Instructions for the task →
Restrict the output to the lines below starting at the one that contains "Unite Hydraulique J275Ha H600 Complete V2" and ending at the one that contains "Edens Zero Chapitre 171 - Wander in space", and restate them word for word, both ends included.

------ Exercise materials

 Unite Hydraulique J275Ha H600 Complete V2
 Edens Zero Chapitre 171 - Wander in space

------------
------ Exercise materials

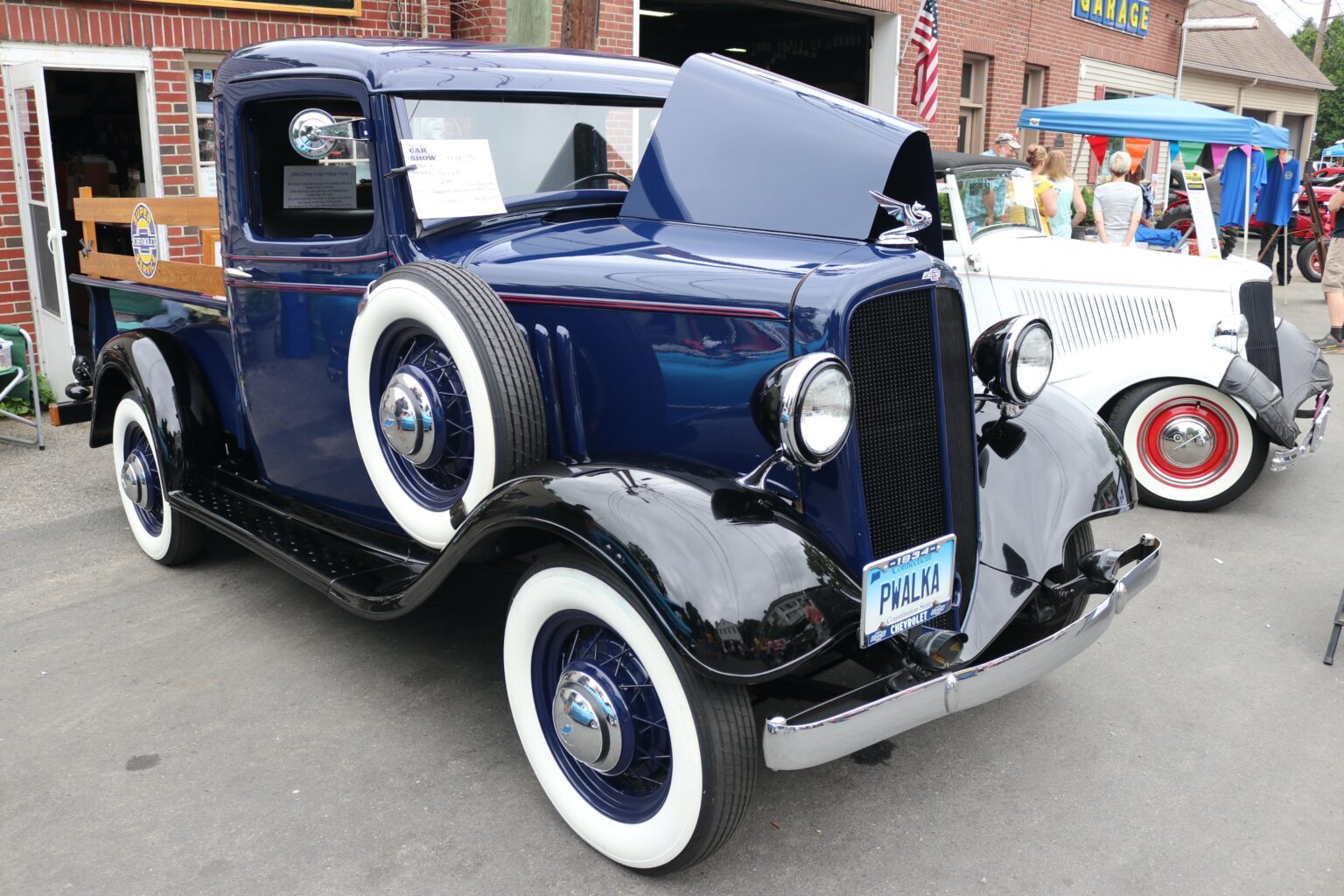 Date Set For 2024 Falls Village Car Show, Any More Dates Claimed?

------------
------ Exercise materials

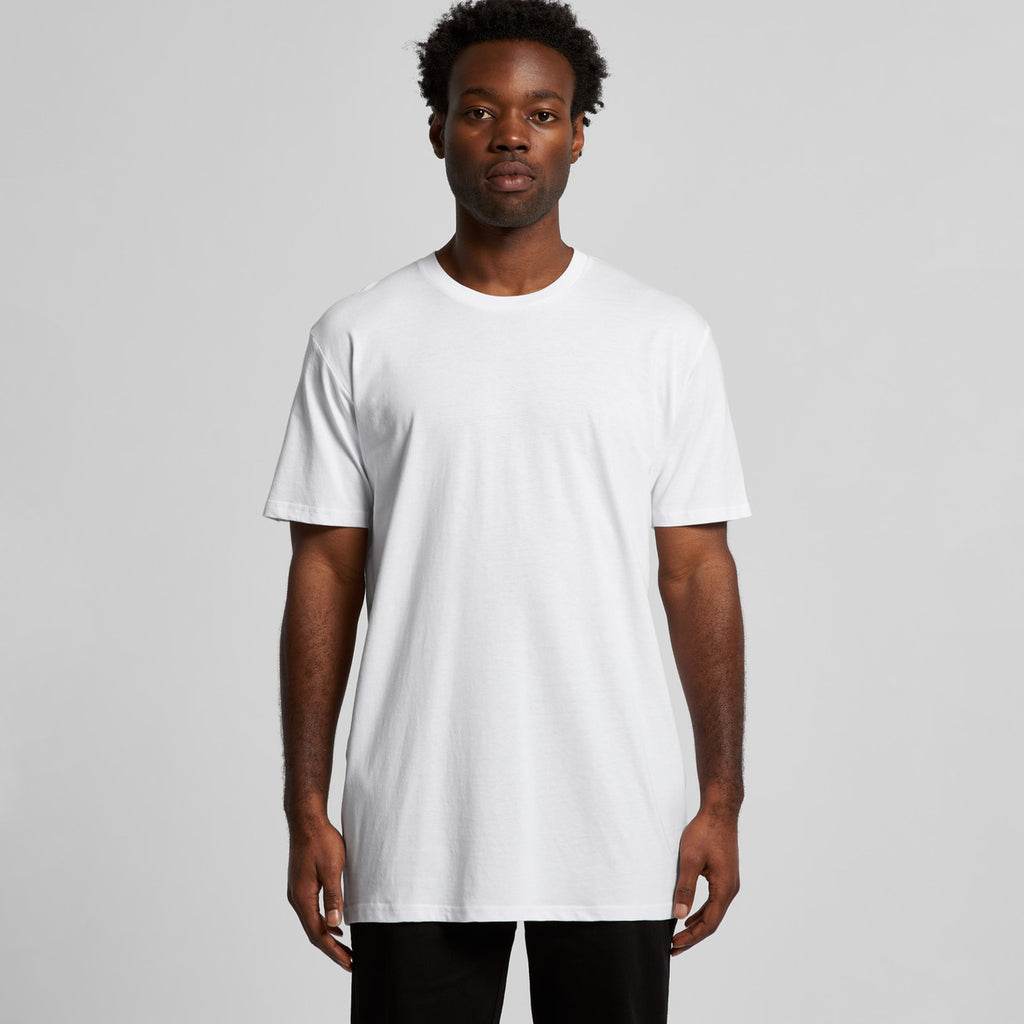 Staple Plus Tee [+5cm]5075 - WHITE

------------

Exercise solution →
 Unite Hydraulique J275Ha H600 Complete V2
 Edens Zero Chapitre 171 - Wander in space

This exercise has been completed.